Records for this task>
--

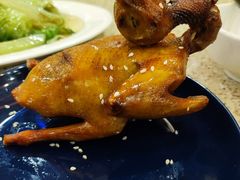 -煲煲掂风味煲仔饭餐厅(西区店)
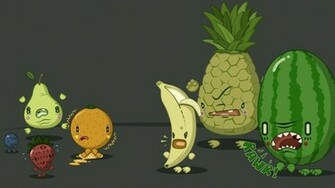 Windows HD Wallpaper Funny
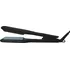 Žehlička na vlasy Bio Ionic One Pass Pro Styling Iron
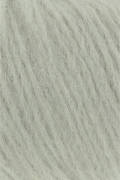 Lang Yarns MALOU LIGHT 192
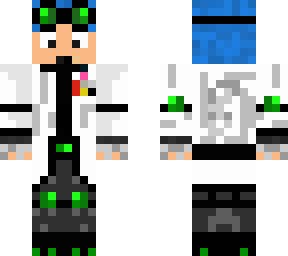 dr.tdm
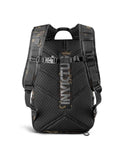 Mochila Tática Citizen PRO - 12H - Warskin Black 20L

--

Skip the pictures and print each record exactly as it stands.

Answer space>
 -煲煲掂风味煲仔饭餐厅(西区店)
 Windows HD Wallpaper Funny
 Žehlička na vlasy Bio Ionic One Pass Pro Styling Iron
 Lang Yarns MALOU LIGHT 192
 dr.tdm
 Mochila Tática Citizen PRO - 12H - Warskin Black 20L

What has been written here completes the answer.